アーロンとの出会い

学生が終わり、社会人となって勤務を始めた東京。隣にはシェアオフィスとしてデスクを使っているデザイナーの大先輩がいました。
ふとした小物の並べ方一つとっても凄まじいセンスを感じさせる、当時の僕にとっては理解の及ばない、どこか謎めいた存在。
そんな先輩デザイナーが座っていたのが、「ハーマンミラー アーロンチェア」。

https://www.hermanmiller.com/ja_jp/products/seating/office-chairs/aeron-chairs/より

___一度でも座れば、忘れられない座り心地

実際に座らせてもらうと、自分の身体に合わせて設計されているのではないかと思えるくらいのフィット感

そしてアーロンの最大の特徴と言えるのが、背もたれの反発です。始めは柔らかく、深く傾ける程強くなる反発。背もたれに使われるメッシュ材の反発と調和しながら、心地よく身体全体を支えてくれます。

ふと背中を持たせ掛けた時のしなやかな反発。ただ、だらしなく座っていても、様になってしまうフォルム。プロダクトとしての、その凛とした佇まいに、完全に圧倒されました。

やがて、その時が

10年前、ぼくにはどうしても取得しなければならない資格がありました。既に1年以上、勉強を続けていましたが結果は出ない。少しずつモチベーションが落ちて行くのを感じながら、時間ばかりが過ぎて行き、焦る気持ちが強くなる。
ここで、思い出さない訳がありません。探します、ヤフオクで。


___「自分の」アーロン

多分、40,000ちょうどだったと思います。外資系企業のオフィス移転に伴い、他のオフィス家具と一緒に10脚ほどのアーロンが割安でオークションされていました。デスクチェアに40,000、相当な買い物です。しかし、迷う余地なく落札。一週間後、大きな段ボールに梱包されたアーロンが届きます。

その後なんとか資格を取得し、責務を果たしたアーロン。それからはほぼ完全にラウンジチェアーとして、ソファ替わりに毎日使い続ける事になりました。

その機能性が
どんなシーンにもフィットする

デスクチェアーとしてはやや大型と言えるアーロンですが、ラウンジチェアーとしてはジャストサイズ。キャスターが付いているため細かな移動は全く苦にならない回転機能によって、視線や身体の向きに依らず、背もたれが常にフィット。ガス圧式の座面の上下は、いたって簡単

この機能性、都心のコンパクトな間取りに最適でした。デスクワークに使えて、くるっと向きを変え、座面を下げれば雑誌を眺めるラウンジチェアーにもなってしまう。

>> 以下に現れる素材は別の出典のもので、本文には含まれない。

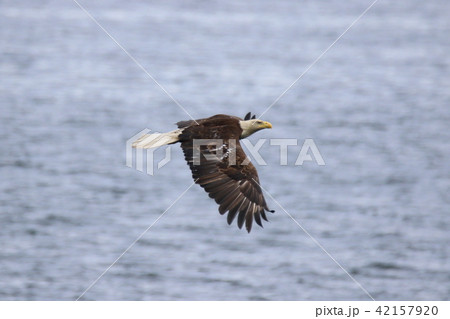 野生の白頭鷲(ハクトウワシ・アメリカンイーグル・Bald eagle) 野生の白頭鷲(ハクトウワシ・アメリカンイーグル・Bald eagle) 42157920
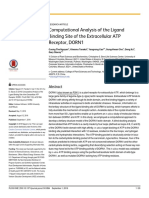 Computational Analysis of The Ligand Binding Site of The Extracellular ATP Receptor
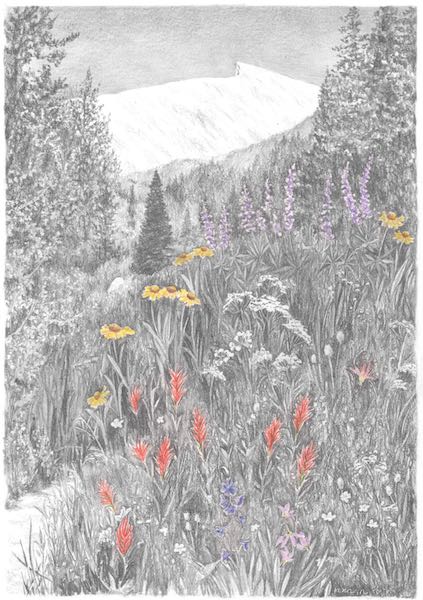 Sawtooth with Wildflowers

柔軟にあらゆる状態で、身体の動きに追従してくれる。ソファ替わりに一度使ってみてから、他の選択肢は一切なくなりました。

10年間、これから先も
毎日使い続けるもの

10年間毎日使っていても全く不具合もなく、修理した事は皆無。ダメージらしいダメージはまるで無く、強いて言えば、座面裏側の端部に使われているスポンジ状のパーツが少し取れてきますが、機能性には一切関係ありません。

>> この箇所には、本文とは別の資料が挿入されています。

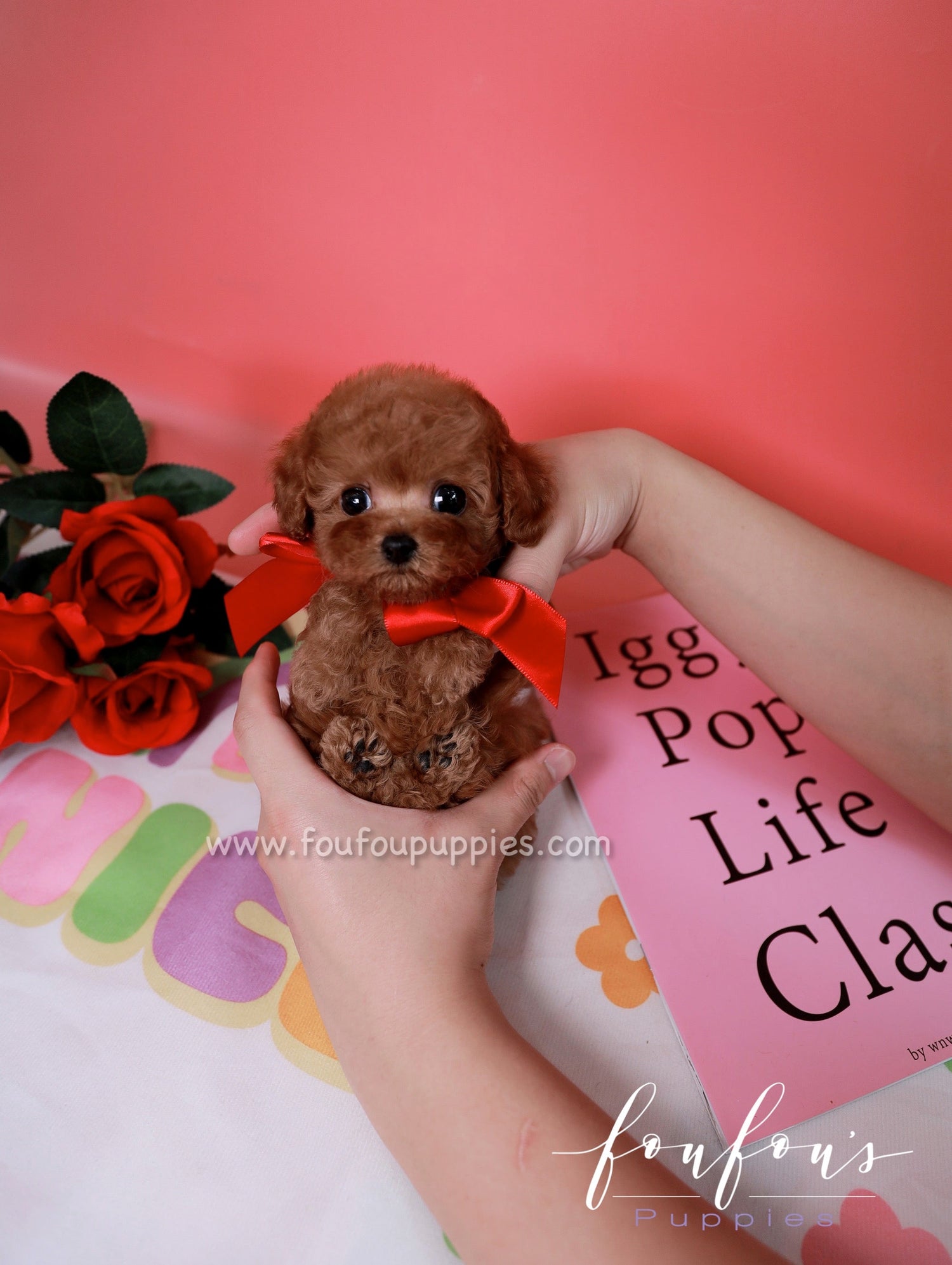 A small brown poodle puppy with a red bow on its head, being held in a person's arms next to a bunch of red roses and a pink flower, with a 'Pet Life Class' booklet in the background.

これだけ使っていると、本当に身体の一部の様に、全く意識せずに身体を預けています。
朝少し早く起きて、コーヒーを飲みながら外を眺めるとき、休日まったりDVDを見るとき、夜食事をするとき、だらだらハイボールを飲んでいるとき。

全て、この背もたれのしなやかな反発を感じています。
この先、何十年、背中を預ける事になるのか。心強いしなやかな反発と日々が続いて行きます。